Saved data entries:
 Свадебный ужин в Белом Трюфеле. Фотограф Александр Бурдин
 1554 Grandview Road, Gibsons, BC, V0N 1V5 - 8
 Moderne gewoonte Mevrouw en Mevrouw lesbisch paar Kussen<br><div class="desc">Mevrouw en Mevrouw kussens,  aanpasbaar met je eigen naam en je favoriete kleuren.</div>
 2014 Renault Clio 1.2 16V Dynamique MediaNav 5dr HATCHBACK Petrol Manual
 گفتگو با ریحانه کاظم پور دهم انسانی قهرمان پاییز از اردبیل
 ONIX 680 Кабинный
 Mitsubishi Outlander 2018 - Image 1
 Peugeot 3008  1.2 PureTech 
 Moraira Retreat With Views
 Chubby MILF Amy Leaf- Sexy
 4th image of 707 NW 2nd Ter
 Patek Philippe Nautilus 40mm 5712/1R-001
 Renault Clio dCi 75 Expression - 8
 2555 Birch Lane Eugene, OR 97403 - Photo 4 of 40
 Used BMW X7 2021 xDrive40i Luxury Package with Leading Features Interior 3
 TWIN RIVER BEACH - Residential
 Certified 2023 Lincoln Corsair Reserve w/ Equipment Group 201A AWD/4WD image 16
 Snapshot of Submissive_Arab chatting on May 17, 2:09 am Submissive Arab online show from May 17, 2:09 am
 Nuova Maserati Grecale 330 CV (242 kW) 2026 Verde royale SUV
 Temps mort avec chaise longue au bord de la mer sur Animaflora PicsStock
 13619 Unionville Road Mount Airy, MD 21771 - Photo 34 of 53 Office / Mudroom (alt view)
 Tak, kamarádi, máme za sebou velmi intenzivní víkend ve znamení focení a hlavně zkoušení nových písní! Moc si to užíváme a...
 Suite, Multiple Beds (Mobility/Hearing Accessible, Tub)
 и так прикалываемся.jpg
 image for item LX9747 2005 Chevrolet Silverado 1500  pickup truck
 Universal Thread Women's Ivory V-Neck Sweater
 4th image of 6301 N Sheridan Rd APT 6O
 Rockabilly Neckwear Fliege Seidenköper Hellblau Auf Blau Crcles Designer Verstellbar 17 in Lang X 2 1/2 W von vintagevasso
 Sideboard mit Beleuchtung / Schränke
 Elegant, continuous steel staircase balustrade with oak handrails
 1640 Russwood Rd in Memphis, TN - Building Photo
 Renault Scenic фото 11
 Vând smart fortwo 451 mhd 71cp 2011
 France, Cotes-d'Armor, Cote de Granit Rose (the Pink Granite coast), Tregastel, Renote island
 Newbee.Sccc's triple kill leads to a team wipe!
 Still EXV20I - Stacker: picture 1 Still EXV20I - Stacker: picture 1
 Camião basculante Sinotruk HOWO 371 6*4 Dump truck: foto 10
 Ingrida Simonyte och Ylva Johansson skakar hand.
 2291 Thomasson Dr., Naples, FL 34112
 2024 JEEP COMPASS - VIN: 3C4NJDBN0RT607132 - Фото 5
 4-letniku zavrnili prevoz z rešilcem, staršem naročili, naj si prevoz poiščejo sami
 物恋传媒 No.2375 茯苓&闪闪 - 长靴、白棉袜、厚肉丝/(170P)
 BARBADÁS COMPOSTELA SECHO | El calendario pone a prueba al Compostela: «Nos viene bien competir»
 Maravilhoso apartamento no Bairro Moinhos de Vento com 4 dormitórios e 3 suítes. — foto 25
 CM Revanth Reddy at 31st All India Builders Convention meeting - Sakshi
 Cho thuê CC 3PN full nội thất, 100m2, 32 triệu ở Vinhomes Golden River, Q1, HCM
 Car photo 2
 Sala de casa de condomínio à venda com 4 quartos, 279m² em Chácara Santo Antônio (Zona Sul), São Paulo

About this exercise:
Reproduce the entries exactly, starting at their first line and stopping after the line with "Temps mort avec".

Answer to the problem:
 Свадебный ужин в Белом Трюфеле. Фотограф Александр Бурдин
 1554 Grandview Road, Gibsons, BC, V0N 1V5 - 8
 Moderne gewoonte Mevrouw en Mevrouw lesbisch paar Kussen<br><div class="desc">Mevrouw en Mevrouw kussens,  aanpasbaar met je eigen naam en je favoriete kleuren.</div>
 2014 Renault Clio 1.2 16V Dynamique MediaNav 5dr HATCHBACK Petrol Manual
 گفتگو با ریحانه کاظم پور دهم انسانی قهرمان پاییز از اردبیل
 ONIX 680 Кабинный
 Mitsubishi Outlander 2018 - Image 1
 Peugeot 3008  1.2 PureTech 
 Moraira Retreat With Views
 Chubby MILF Amy Leaf- Sexy
 4th image of 707 NW 2nd Ter
 Patek Philippe Nautilus 40mm 5712/1R-001
 Renault Clio dCi 75 Expression - 8
 2555 Birch Lane Eugene, OR 97403 - Photo 4 of 40
 Used BMW X7 2021 xDrive40i Luxury Package with Leading Features Interior 3
 TWIN RIVER BEACH - Residential
 Certified 2023 Lincoln Corsair Reserve w/ Equipment Group 201A AWD/4WD image 16
 Snapshot of Submissive_Arab chatting on May 17, 2:09 am Submissive Arab online show from May 17, 2:09 am
 Nuova Maserati Grecale 330 CV (242 kW) 2026 Verde royale SUV
 Temps mort avec chaise longue au bord de la mer sur Animaflora PicsStock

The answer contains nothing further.